Signs that Taiwan was preparing for possible war with China were once everywhere: huge posters calling for the “liberation” of China and lengthy schoolyard drills training students to fight the communist enemy. That culture has changed so much since a detente process began in the 1990s that many young Taiwanese are now unwilling to take up arms to protect Taiwan.
A survey published this week by CommonWealth Magazine appears to confirm that Taiwan’s process of demilitarization is rapidly gaining steam. Based on a sample of students aged 12 to 17, it found only 38.7 percent would be ready to see either themselves or a family member fight if a new war broke out, while 44.3 percent would not. The remainder had no opinion.
“It goes without saying that the number of Taiwanese willing to fight has come down significantly in recent years,” former deputy minister of national defense Lin Chong-pin (林中斌) said. “I’m even surprised that the number of pro-defense people cited by the magazine is so high.”
Photo: Wu Cheng-ting, Taipei Times
The Ministry of National Defense declined to comment on the survey, saying it had no information on the way it was conducted.
CommonWealth said it was carried out by mail between Oct. 17 and Nov. 4 and that the 3,715 responses represented a 74 percent return on the 5,054 questionnaires it sent.
Aside from shining a light on the huge changes now taking place in Taiwanese society, the findings offer a big challenge for Taiwan’s military, which is already struggling with a constricted defense budget and the reluctance of the US to supply it with the weapons it says it needs to cope with China’s ambitious military modernization.
While Taiwan plans to end its current system of 11-month mandatory male conscription in favor of an all-volunteer force by 2014, a lack of funds and difficulty in attracting recruits are almost certain to push that date back by several years. That will leave the military dependent on large numbers of apparently unmotivated draftees.
Tamkang University military specialist Alexander Huang (黃介正) says the negative trends in volunteer force recruiting are especially worrying.
“I have been asking university students for several years now whether they would be willing to join an all-volunteer military,” he said. “I get positive responses from no more than 2 or 3 percent.”
Taiwan has been engaged in a gradual program of detente with China over the past two decades, culminating in President Ma Ying-jeou’s (馬英九) efforts to bring the sides ever closer together, mostly through a series of ambitious commercial initiatives.
However, China has never renounced its long-standing threat to take over Taiwan by force should it move to make its de facto independence permanent, or delay unification indefinitely. It currently aims an estimated 1,500 missiles at Taiwanese targets, and conducts frequent drills simulating an invasion across the Taiwan Strait.

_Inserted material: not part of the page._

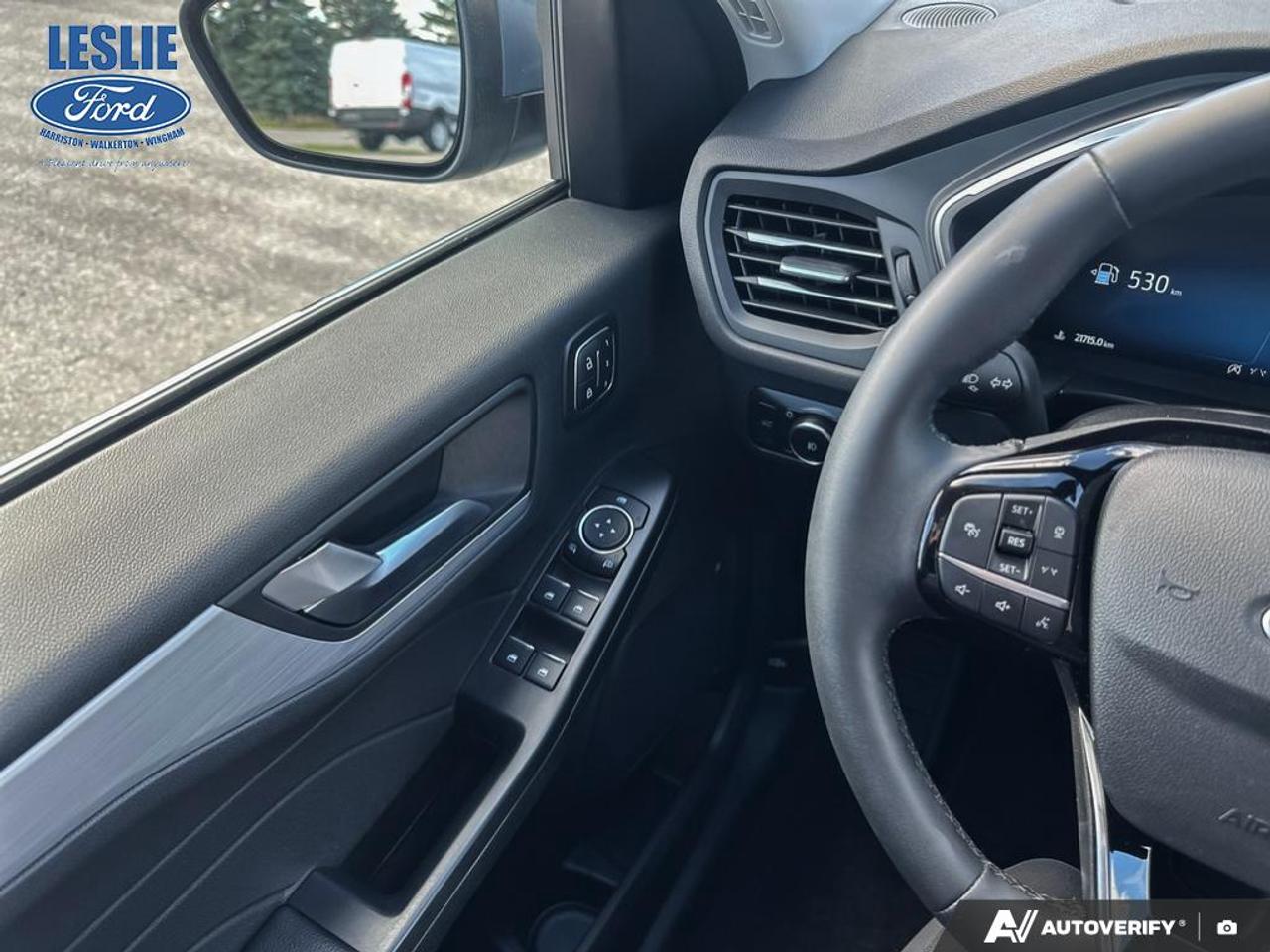 2025 Ford Escape Platinum AWD Photo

Despite the threats and the missiles, present-day Taiwan is a remarkably unmilitarized society, with few signs of a military presence outside of ministry facilities. Uniformed military personnel are rarely seen in major cities, and while highlights of annual war games are shown on television to boost morale, few people outside of the armed forces take them very seriously.
Huang and Lin ascribe the lack of military consciousness to the rapid improvement in relations with China, which they said made it difficult for young Taiwanese to conceive of the possibility of a return to the tension of the past.
“The atmosphere in cross-strait relations is so relaxed now,” Huang said. “It’s difficult to envision a war.”
Additional factors Huang cited for low military consciousness include the aversion of Taiwanese youth to military-style discipline and their belief that a military framework is incompatible with the “cyberlifestyle” many of them covet.
Fifteen-year-old Taipei high school student Gao Yu-kai explained his own lack of willingness to fight an invading Chinese force by saying it made no sense to -participate in a losing effort.
“We could never beat China,” he said. “They are just too strong.”
The pessimism of Taipei students comes against the background of the continuing drop in defense expenditures as a proportion of GDP, and Taiwan’s recent failure to convince the US — its most important strategic partner — to sell it new F-16C/D aircraft, for years the leading item on Taiwan’s military wish list.
Those developments — and Ma’s 2009 announcement that Taiwan’s military should henceforth see disaster relief as its main priority — appear to have done much to deflate whatever military consciousness survived the beginning of detente with China in the early 1990s and the development of a relationship that now includes the arrival of thousands of Chinese tourists in Taiwan every day and the maintenance of hundreds of weekly flights across the Taiwan Strait.